| The data |
================================
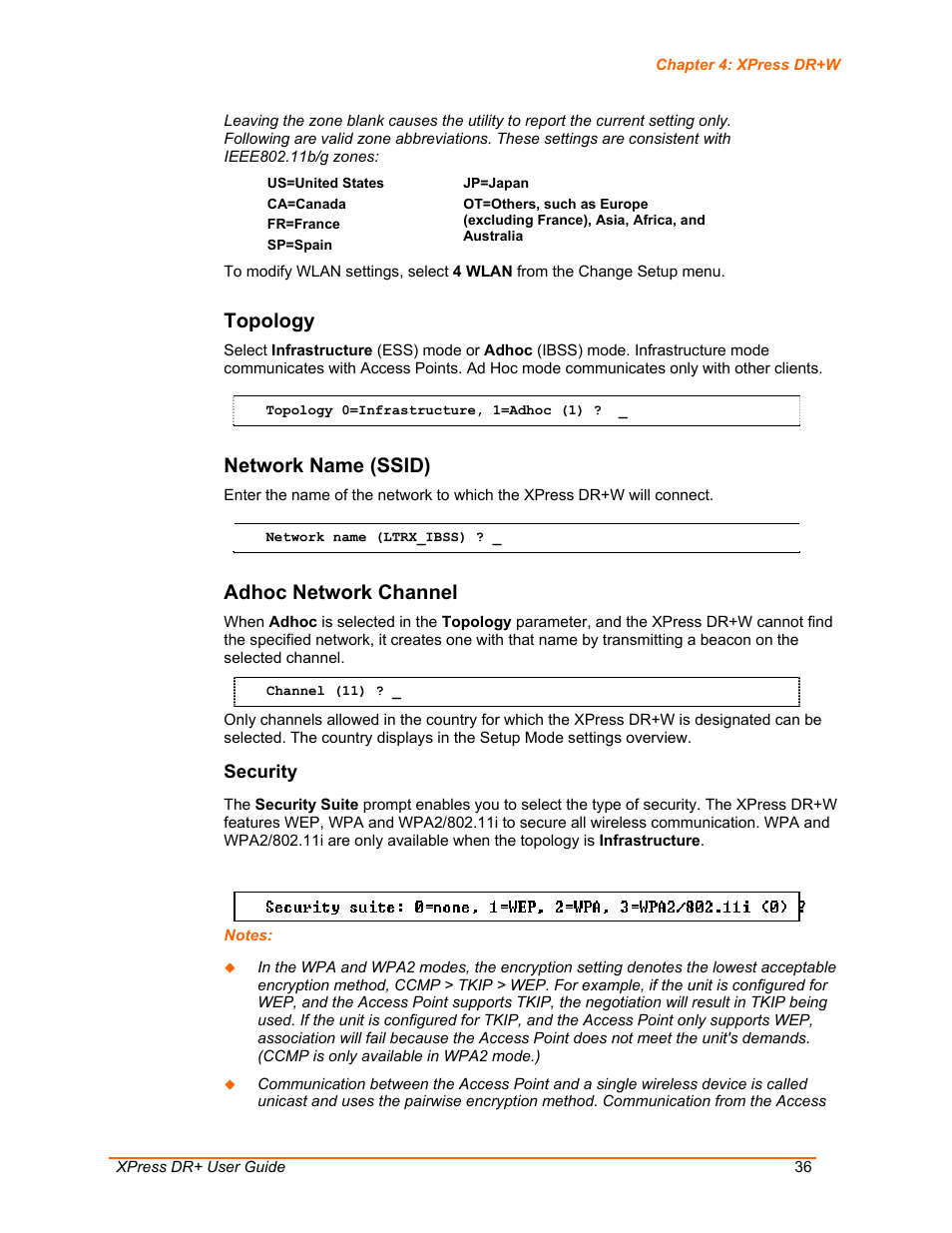 Topology, Network name (ssid), Adhoc network channel | Lantronix XPress DR+ User Manual | Page 36 / 116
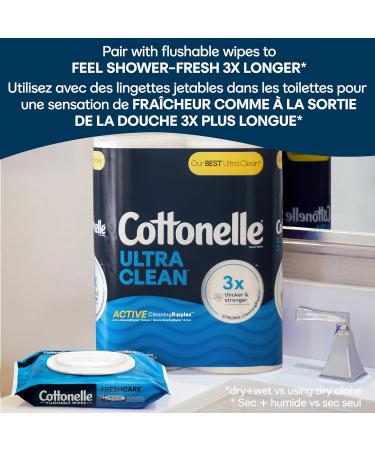 Cottonelle Ultra Clean Toilet Paper Strong Toilet Tissue 12 Mega Rolls (12 Mega Rolls 48 Regular Rolls) 284 Sheets Per - Buy Online on GoSupps.com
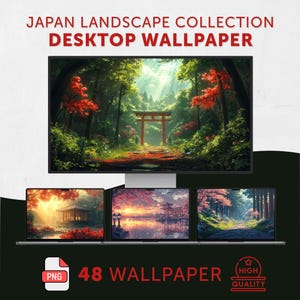 Japanese Anime Landscape Wallpaper: Tranquil Desktop Backgrounds (Digital Download)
================================
| Exercise prompt |
The answer should consist solely of the lines from the one containing "Cottonelle Ultra Clean" through the last line of the material, copied exactly, with pictures left out.

| Answer to this problem |
 Cottonelle Ultra Clean Toilet Paper Strong Toilet Tissue 12 Mega Rolls (12 Mega Rolls 48 Regular Rolls) 284 Sheets Per - Buy Online on GoSupps.com
 Japanese Anime Landscape Wallpaper: Tranquil Desktop Backgrounds (Digital Download)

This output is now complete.